Questions About the TiCDC Configuration File

Note:
This topic has been translated from a Chinese forum by GPT and might contain errors.

Original topic: 关于ticdc配置文件的疑问

| username: 胡杨树旁

Some questions about TiCDC:

  1. TiCDC is an incremental data synchronization tool that captures changes from TiKV logs. When deploying, there is a data_dir in the configuration file. After starting TiCDC, I observed that no files are generated in the data directory. I would like to ask what this data directory is used for?
  2. TiCDC is used in conjunction with changefeed, which can specify downstream synchronization targets such as MySQL-compatible databases, Kafka, or some storage like S3/NFS. I would like to ask, when the downstream is a database or Kafka, where does the source data for synchronization come from? Is it directly obtained from the TiDB database or read from local files? If it is read from local files, where is this data stored?
| username: 这里介绍不了我 | Original post link

Check this out, it should be helpful to you: [Resource Compilation] The Most Comprehensive Resources for TiDB-TiCDC Source Code Interpretation Series!!! - Billmay’s Column - 专栏 - 【资源汇总】TiDB-TiCDC 源码解读系列最全资源!!! | TiDB 社区

| username: 胡杨树旁 | Original post link

Okay, thank you.

| username: Daniel-W | Original post link

  1. It is used for sorting, and this directory will only have data after the changefeed is running and data synchronization has occurred.
  2. The source of the synchronized data is the TiDB database, specifically the change log in TiKV.
| username: 胡杨树旁 | Original post link

Understood, thank you. I have one more question. Regarding the first question, do the files in the data directory need to be manually cleaned?

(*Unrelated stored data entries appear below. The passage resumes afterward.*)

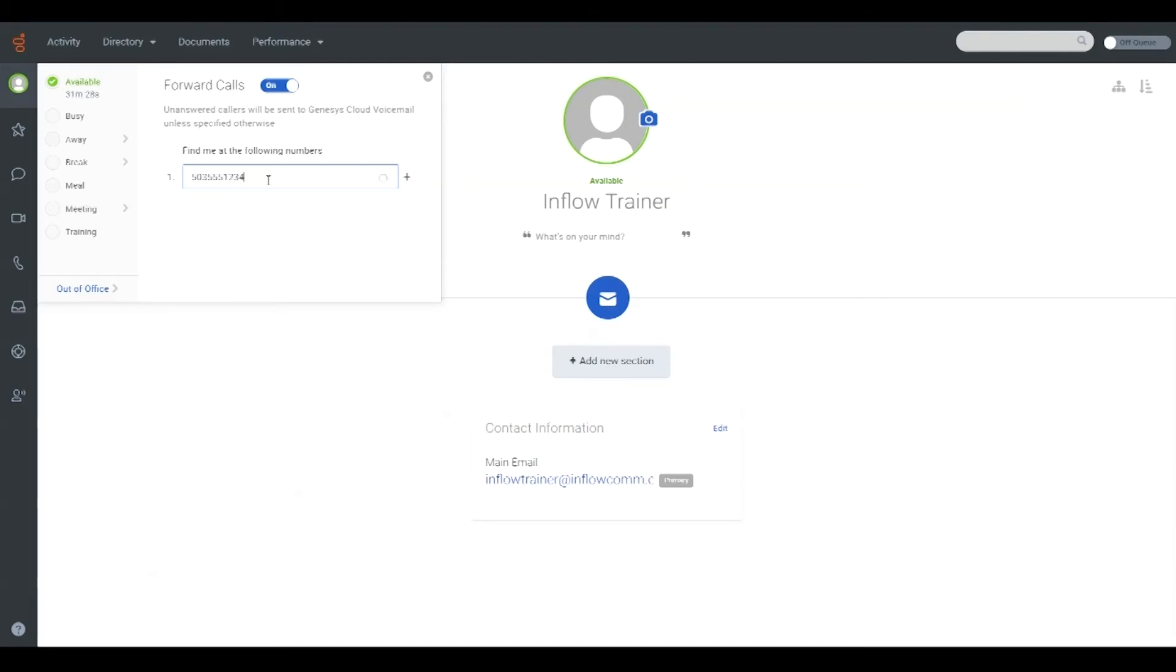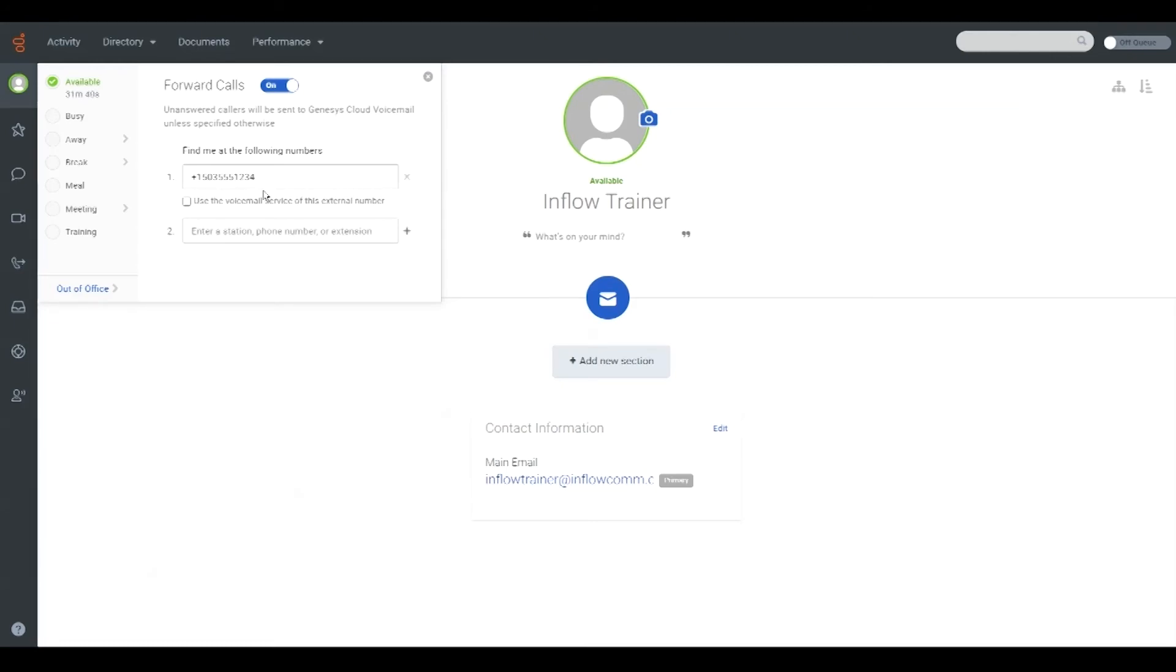Calls that come to your user in Genesis will be forwarded to whatever destination is entered, but if the destination number does not answer, the caller will be sent to your Genesis voicemail box. You can check the box under the forwarding number if you would like to have callers go to the far end's voicemail box instead.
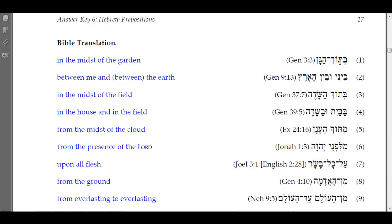Now for the Bible translation section. Number one: 'betok ha-gan' — 'in the midst of the garden' — found in Genesis 3:3. Number two would be 'between me and between the earth,' found in Genesis 9:13 in the Noah story. Number three: 'betok ha-sadeh' — 'in the midst of the field.'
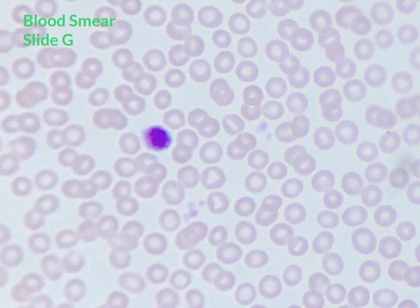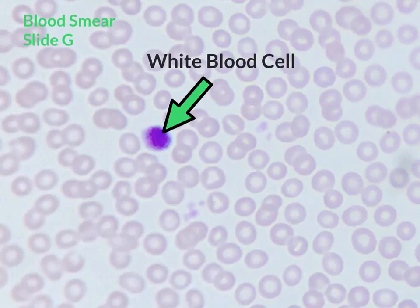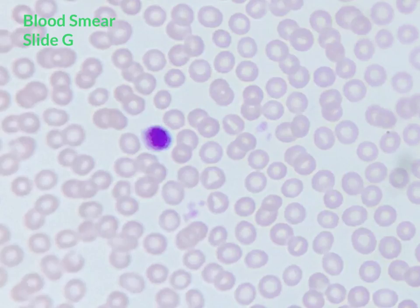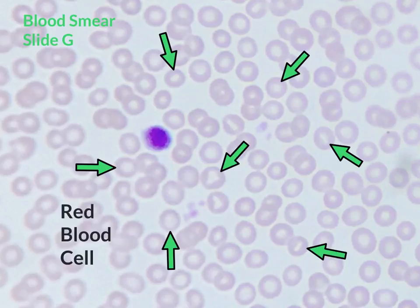The next blood cell is the white blood cell, which is the purple spherical structure shown here. Its function is to protect the body against pathogens. Finally, the last blood cell is the red blood cell, which looks like tiny little O's. The function of the red blood cell is to transport oxygen and carbon dioxide between systems and tissues.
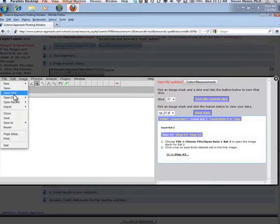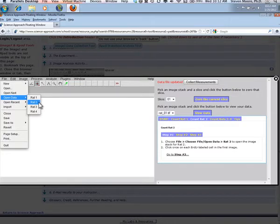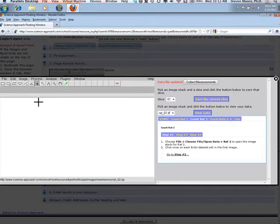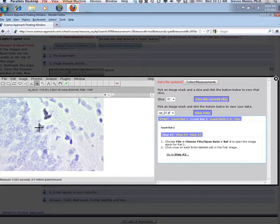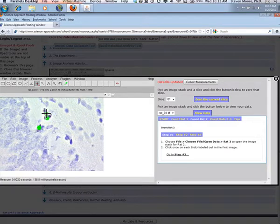Choose File, Open Data, Rat2 to open the image stack for Rat2. Then start clicking on BRDU labeled cells as you did in the first stack.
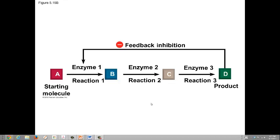Enzyme inhibition is an important way of regulating cell metabolism and individual metabolic pathways. In some reactions, the product may act as an inhibitor to one of the enzymes in the pathway that produced it — this is called feedback inhibition. In the example, product D serves as a non-competitive inhibitor to enzyme 1 that facilitates the reaction from A to B, which is the start of the pathway. The more D that is formed, the greater the inhibition on this pathway. In this way, the cell can regulate the pathway through this feedback inhibition mechanism.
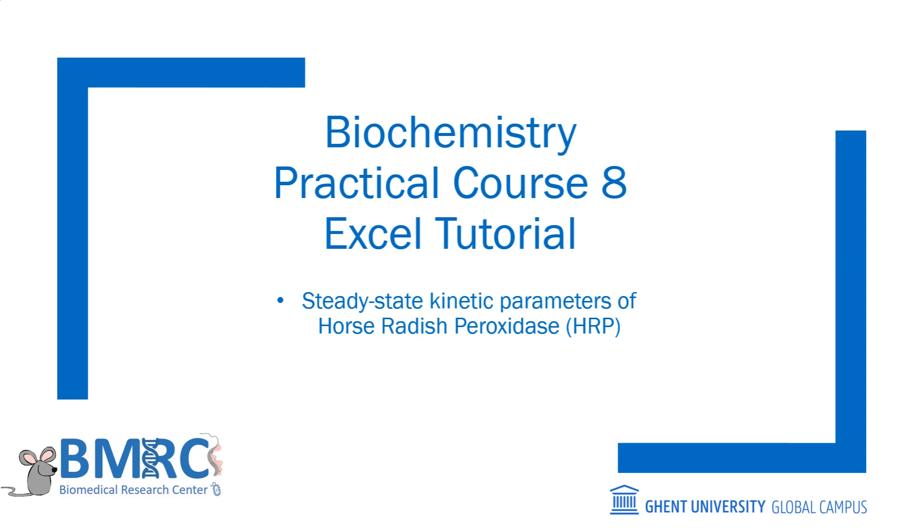Welcome to this Enzyme Kinetics Excel calculation tutorial. In this video, I will guide you through the steps to calculate enzyme kinetics parameters by plotting the Michaelis-Menten and Lineweaver-Burk plots. Please read the protocol before watching this video so that you can follow along. Now let's get started.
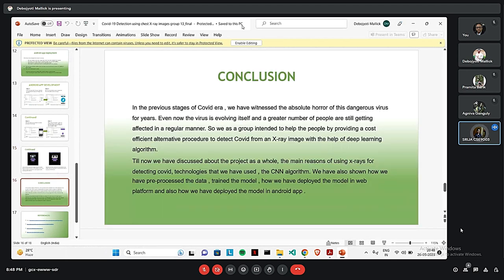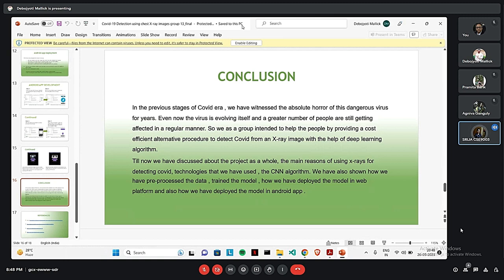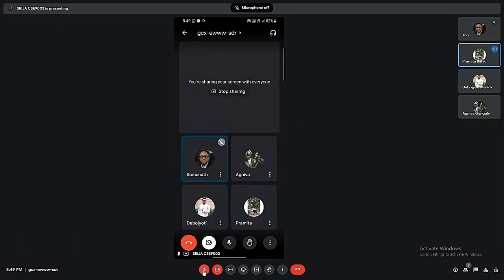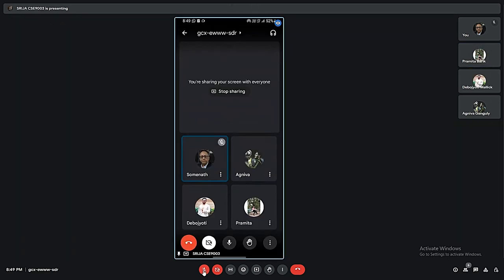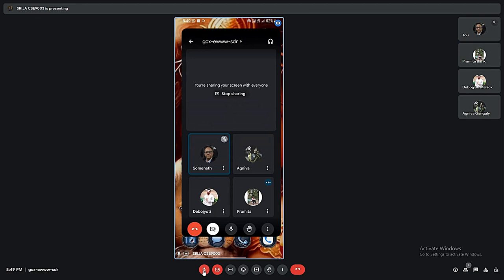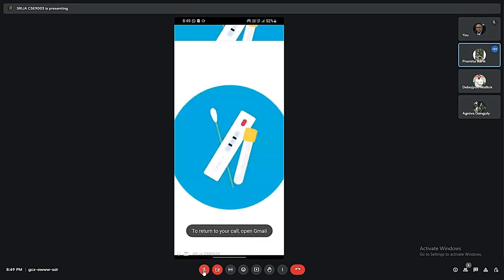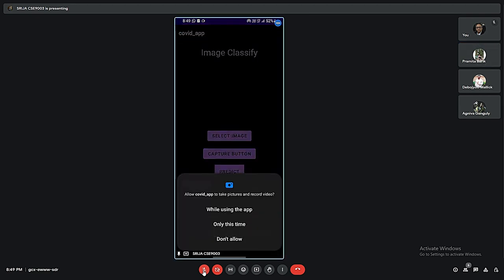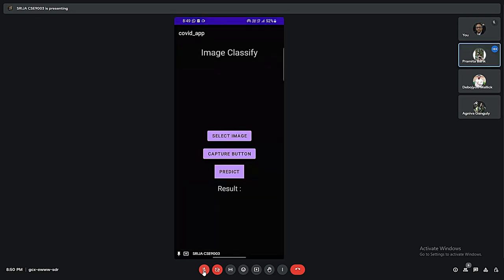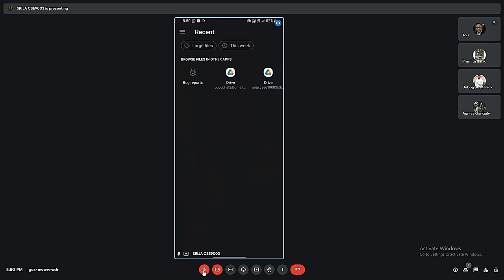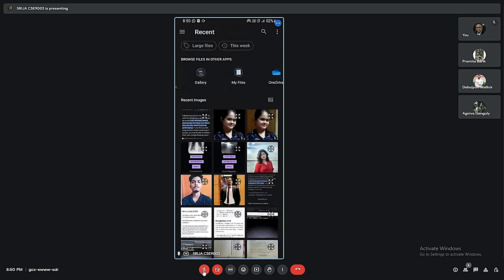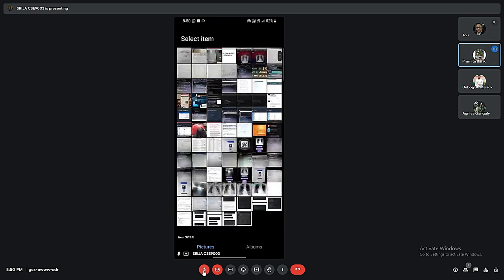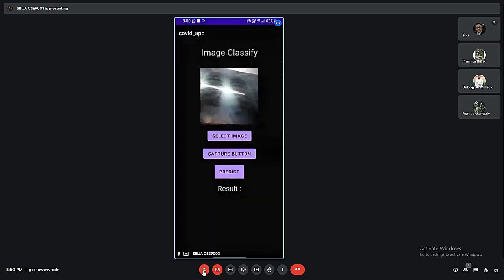Lastly, we have come to the conclusion. In the previous stages of COVID era, we have witnessed the absolute horror of this dangerous virus for years. Even now, the virus is evolving itself and a greater number of people are still getting affected in a rampant manner. So, we as a group intend to help the people by providing a fast effective alternative procedure to detect COVID from X-ray images with the help of deep learning algorithm. Let's see our app. This is the logo of our app and upon clicking it, we are getting the flash screen. It asks for the permission. Then, we select the image from our gallery. We have selected a COVID negative image and if we click on predict, it is showing COVID negative.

Also, is the data parsed by changefeed also from this directory?

| username: Daniel-W | Original post link

There is no need for manual cleanup; it will clean itself after synchronizing to the downstream.

| username: Daniel-W | Original post link

TiCDC Server Configuration | PingCAP Documentation Center

| username: TiDBer_q2eTrp5h | Original post link

I’ll also come to learn.

| username: TiDBer_q2eTrp5h | Original post link

TiDB 之 TiCDC6.0 初体验 - 知乎 (zhihu.com)

| username: 胡杨树旁 | Original post link

To ensure the high availability of CDC, it is generally recommended to deploy more than one CDC instance. Multiple captures will elect one owner. I would like to ask how this owner is elected, as there is no relevant introduction in the official documentation.

| username: Jasper | Original post link

This article explains the specific principles of the election process.

| username: 小龙虾爱大龙虾 | Original post link

It is used for temporary sorting and also acts as a buffer when the downstream sink is not fast enough.

Ticdc is a TiDB data synchronization tool, and its upstream is always TiDB. It captures changes from tikv to obtain incremental data.

| username: 胡杨树旁 | Original post link

Thank you very much, I learned a lot.

| username: 胡杨树旁 | Original post link

Okay, regarding the first question, if the downstream consumption is fast enough, there will be no files generated in the cdc data directory. It can be understood that the produced data is consumed immediately, and only when there is a delay downstream, some data will be cached in the data directory.